# bad neighbours



## G8ter (16 Jul 2010)

We have bad neighbours, husband and wife.

when We grow vegetable at our yard, they steal them, so we stop it; when we grow flowers at our yard, they steal the plant 

and leave big holes on the ground, so we stop it; when we use solid fuel for heating, they steal the coal and timber from our 

shed; Now we installed the central heating, they steal the oil from the tank.

We called police in a couple of times, but they are smart enouth to not leave enough evidences. If we argue with them, there 

were always strange things happening afterwards, the car was cratched or the windows were broken. They even threatened to 

burn our house or do something to our children, my wife was frightened she told me to leave it alone.

We have house alarm and We are thinking of install CCTV but I believe that is not going to stop them stealing and hassling us 

for the long term.

We are thinking of moving away but we couldn't, we are on big mortage at moment.

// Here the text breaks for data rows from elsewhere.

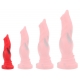 Dildo Pitt King S 19 x 6,2 cm Rood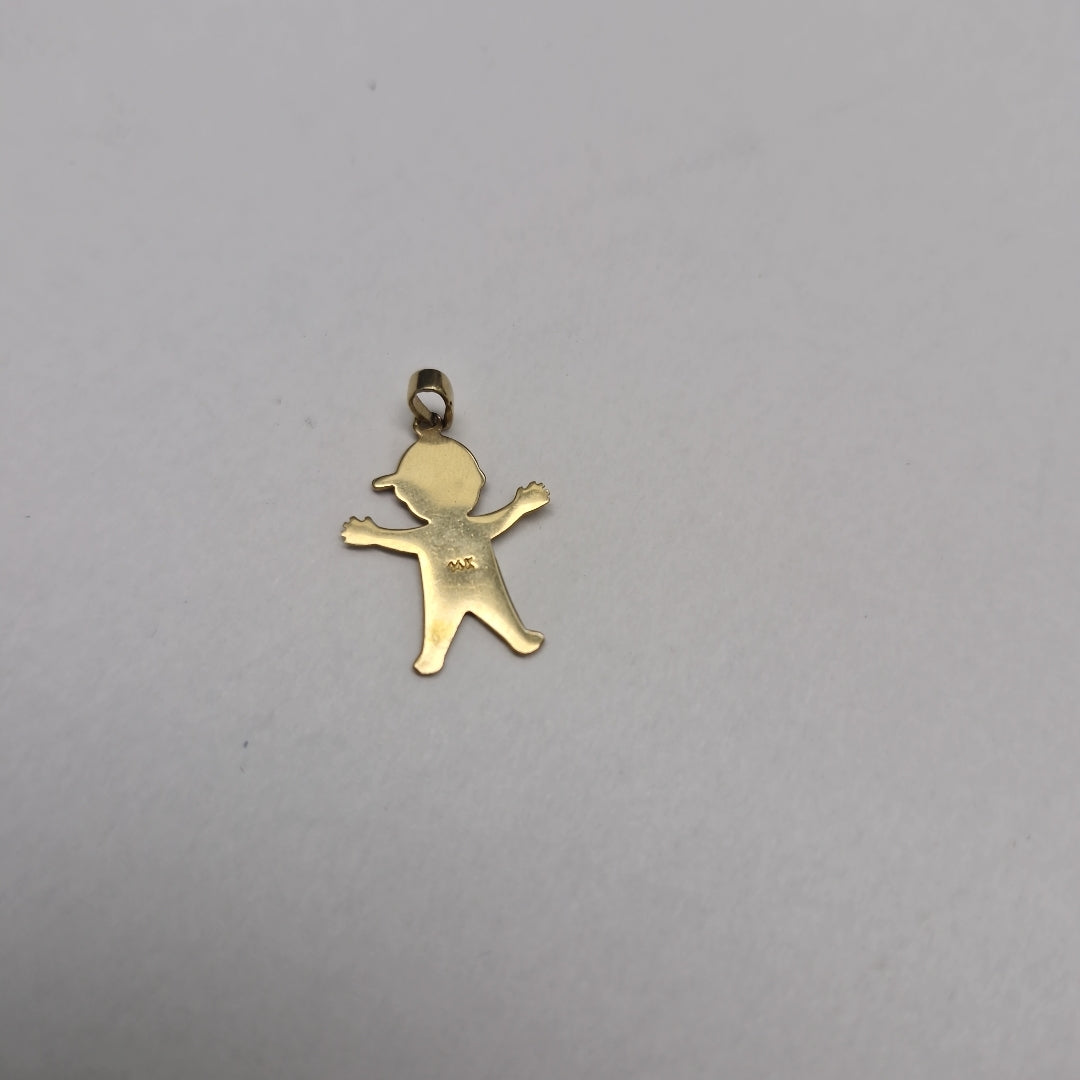 DIJE ORO, ORO COMBINADO 14 K 1 GRMS (SEMINUEVO)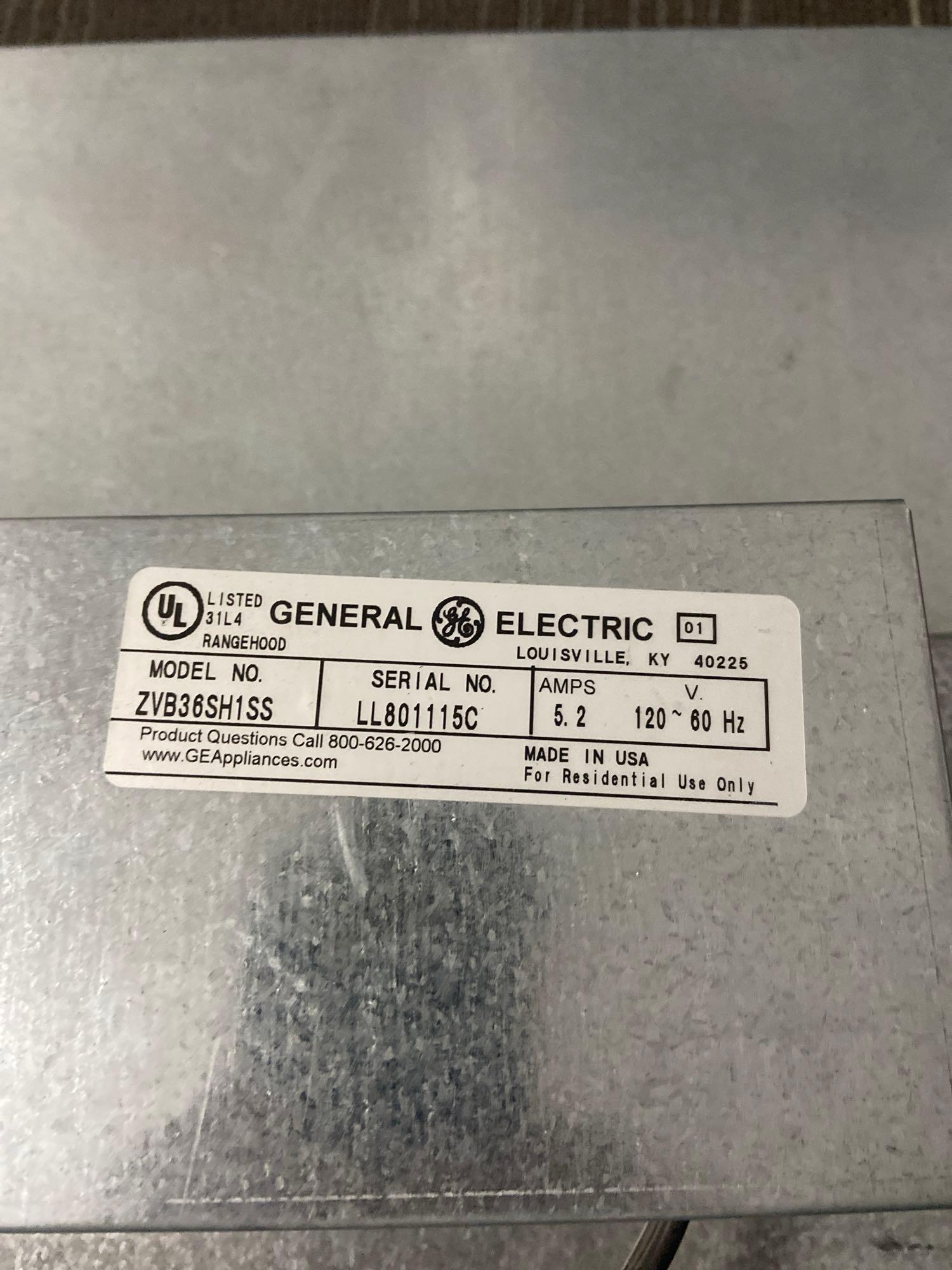 GE Monogram 36" Stainless Telescopic Downdraft - #ZVB36SH1SS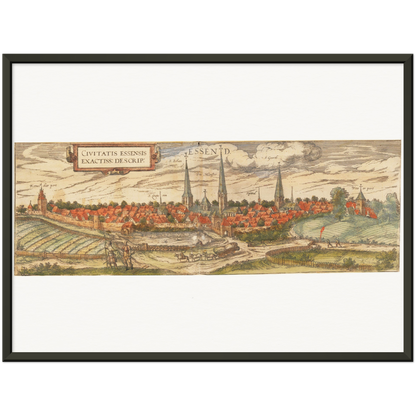 Historical city map  Test product horizontal 3 sizes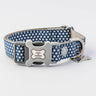 Navy Star Fabric Dog Collar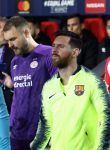 Eindhoven, 28 November 2018
Champions Leaguewedstrijd PSV-FC Barcelona, eindstand 1-2
Lionel Messi en Jeroen Zoet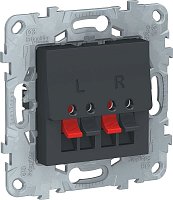 Розетка аудио без рамки Schneider Electric Unica New 1-м антрацит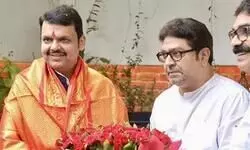 Amid MNS-Sena (UBT) alliance buzz, CM Fadnavis meets Raj Thackeray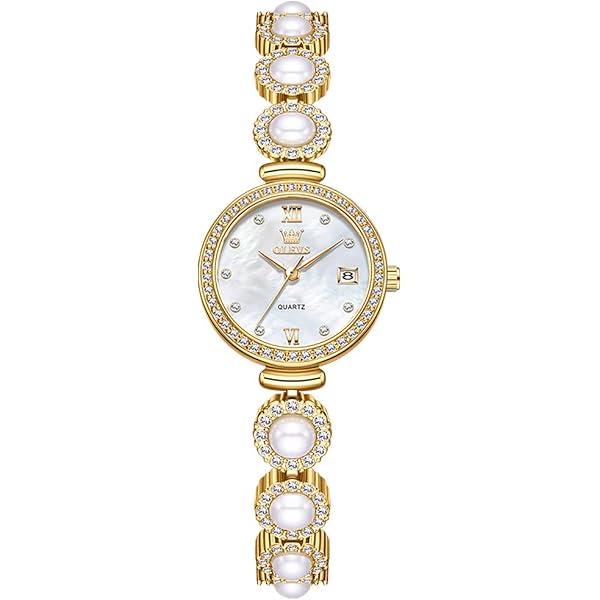 Amazon.com: ADSBIAOYE Elegant Women Pearl Bracelet Watches  display picture 1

They are both claiming social welfare and working for the past 30 years. they are living in a rented county council house for 

the past 30 year. Now the county council is going to renovate the house for them because they destroied house to a 

unlivingable condition and the wife is claiming she is having health issues due to damp house. It seems county council 

offered them houses in some other areas but they refuse to take it.

Both of them made isurance claim from different car accidents and got a lot of money before.

Any smart people here can give us some idea about how to get rid of these neighbours?


----------



## Gmol (16 Jul 2010)

Sorry to hear about your situation, I would get the CCTV and motion sensor lights  installed and try to obtain proof that it is your Neighbours that are the culprits. Also keep a log of all conversations. Check with other neighbours whether they are having problems with them too. 
Report every incident to the gardai
It might be no harm to set up either a residence association or neighorhood watch where you can discuss your problem neighbour
If they are working and claiming payments 'fraudulently' then report them. 

Once you have proof on cctv of them damaging your property go to the council 

Best of luck


----------



## G8ter (17 Jul 2010)

I know the neighbours refused the offers from county council to move to other areas. But is there any other way to persuade county council to order the neighbours to move away rather than renovate the house for them? There are plenty of council house vacant in the town, and better neibghourhood watch. 

any idea?


----------



## ney001 (17 Jul 2010)

Neighbours from hell no doubt.  There is no quick fix with people like this, you really just have to stay away from them whilst building up your case.  

[1]  Keep a record of all robberies etc, report to gardaí where possible and keep a diary of every occurance. 
[2]  Get a lock for your oil tank and secure your back yard as best as possible with fencing and locks on everything. If you have walls put up some PC99 paint, this will keep them from climbing over your walls.  
[3]  CCTV - this doesn't have to be a very expensive solution.  My parents installed two outdoor cameras from maplins and then a hard drive (€100) dvd recorded from Powercity - set them up on continual record. If CCTV is too expensive an option for you, you can get 'fake' cameras and put them up to scare them away from your property.   If you obtain evidence report them to county council
[4]  Report them to SW - you don't have to leave your details, just report what you know about fraudulent claims.  They won't know it's you if they have a lot of enemies in the estate. 
[5]  Buy yourself a little dictaphone and if they ever come to your door or speak to you record the conversations. 
[6]  Don't engage them for any reason - just ignore and go about your business whilst keeping a record of everything!


----------



## NOAH (3 Aug 2010)

and get a dog if it is feasible, ie an alsatian.

noah


----------



## Marietta (3 Aug 2010)

NOAH said:


> and get a dog if it is feasible, ie an alsatian.
> 
> noah


 

A rothweiler


----------